WHAT TO PRODUCE.
How do the lines read from the one holding "marvinsalguero502" through the last line of the listing? Set them down exactly, pictures omitted.
··· INPUT FOR THIS TASK ···
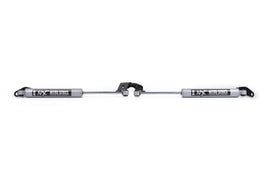 PVG_BDS_23515_SteeringStabilizerHardwareKit-bds_ford_2018DH_01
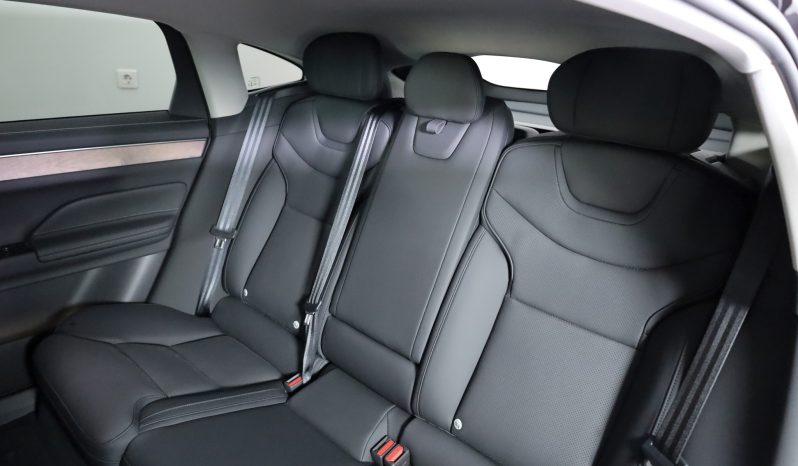 Volvo ES90 Single Motor Ultra RWD 333cv completo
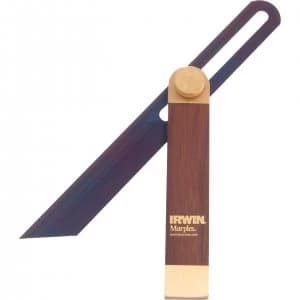 Marples M226 Rosewood Sliding Bevel 9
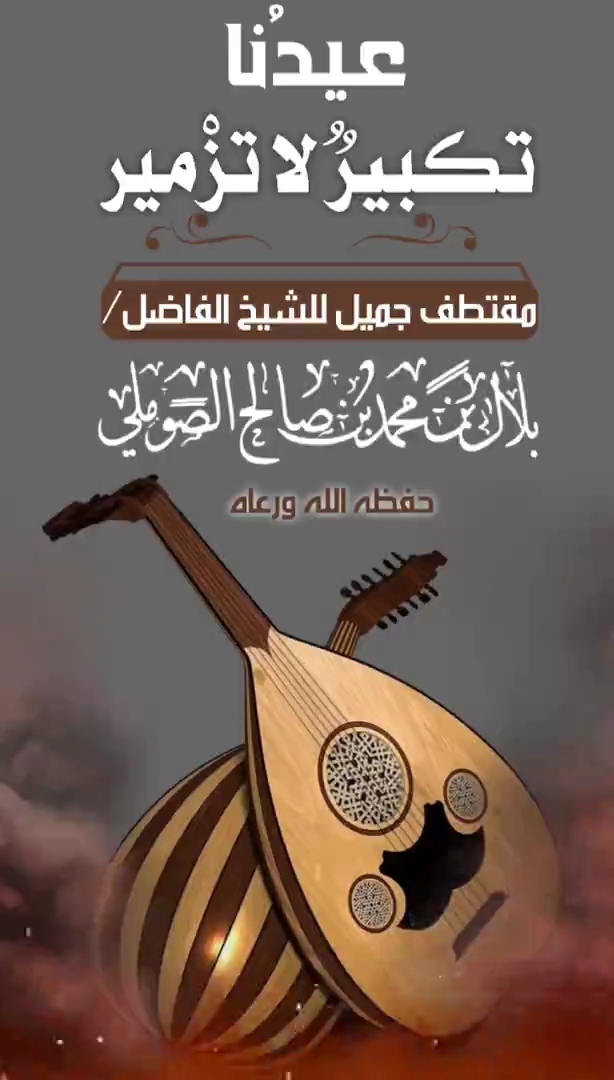 صورة الفيديو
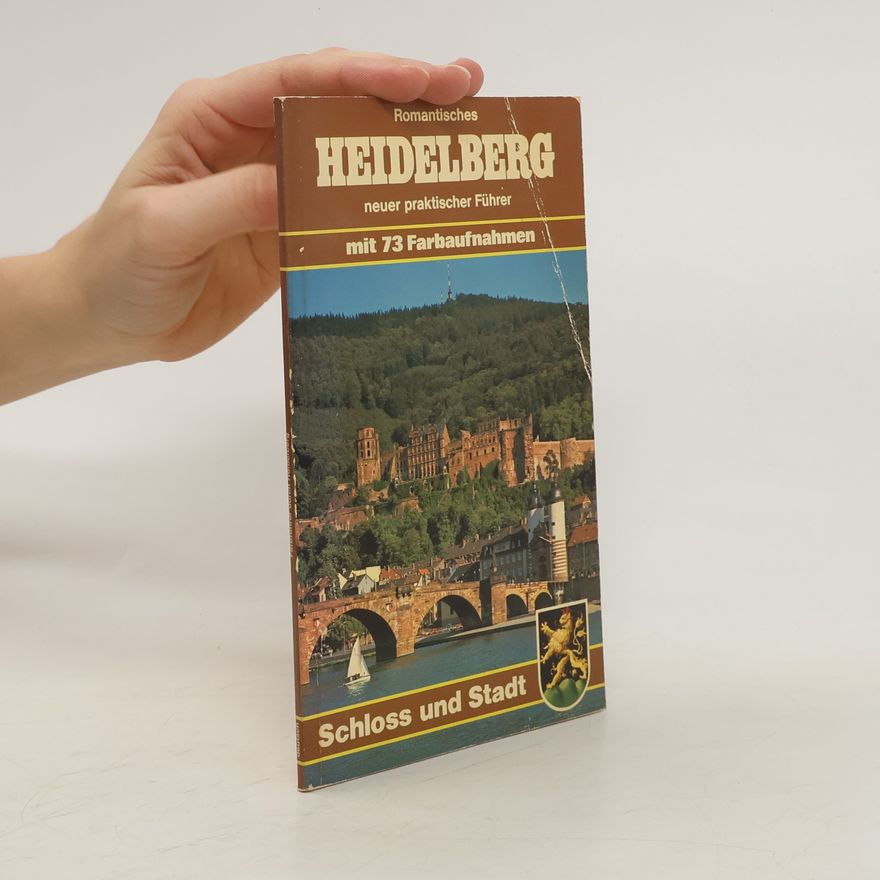 Various authors Heidelberg
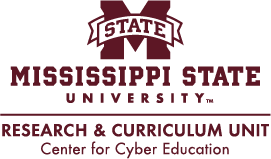MSU Center for Cyber Education named CSforALL Commitment Maker - Vimarsana News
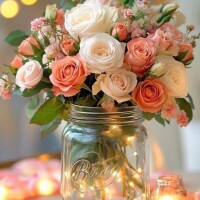 退勤しました🌃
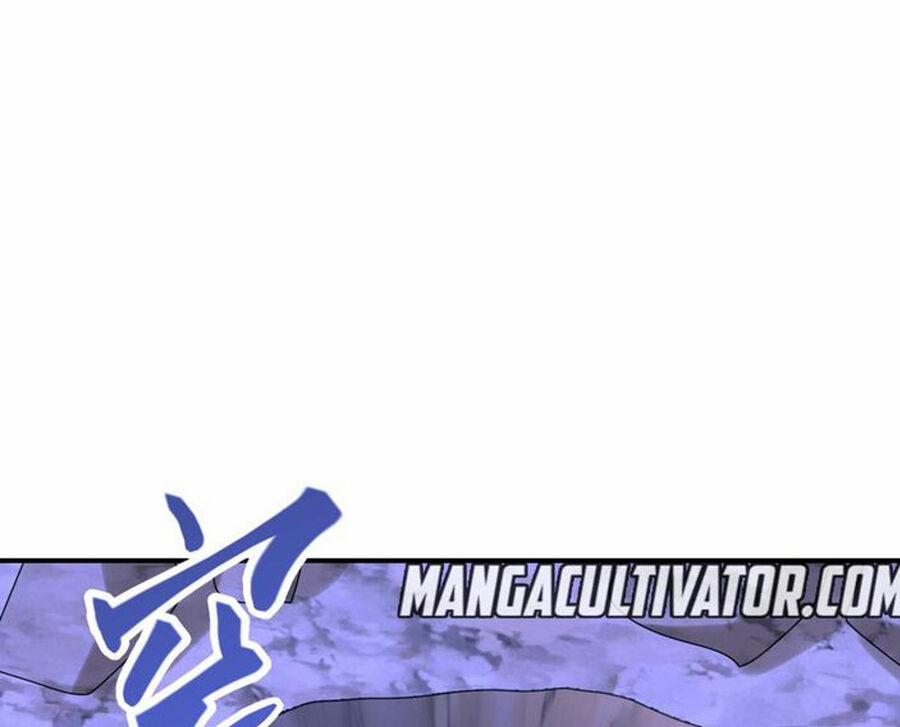 Nhập Hồn Ma Đạo Tổ Sư 33 trang 15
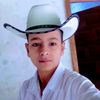 marvinsalguero502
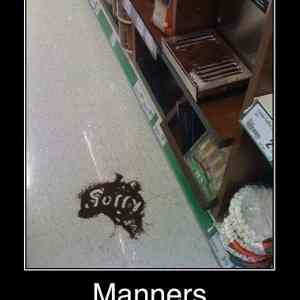 Obrázek 'Manners - 07-06-2012'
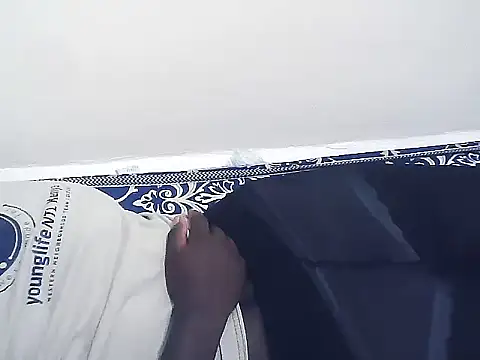 MsdaizyXx Live XXX-chat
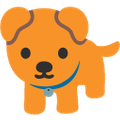 :googledog:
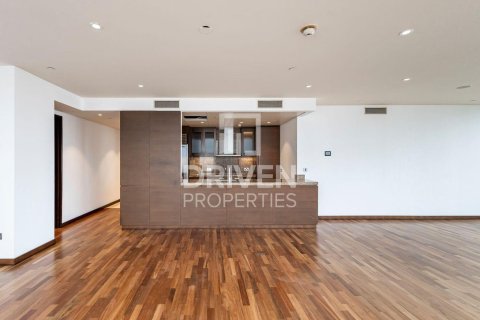 Apartamento en Downtown Dubai (Downtown Burj Dubai), Dubai, 3 dormitorios, 216.65 m², № 129030 - foto 15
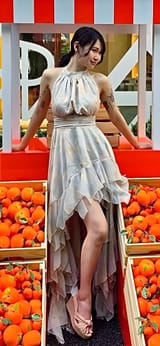 IMG_8862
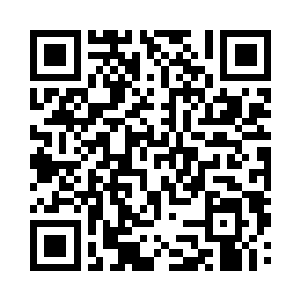 他已经不动声色地把前面的事情计划好了二维码生成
···
RESPONSE TO THE TASK.
 marvinsalguero502
 Obrázek 'Manners - 07-06-2012'
 MsdaizyXx Live XXX-chat
 :googledog:
 Apartamento en Downtown Dubai (Downtown Burj Dubai), Dubai, 3 dormitorios, 216.65 m², № 129030 - foto 15
 IMG_8862
 他已经不动声色地把前面的事情计划好了二维码生成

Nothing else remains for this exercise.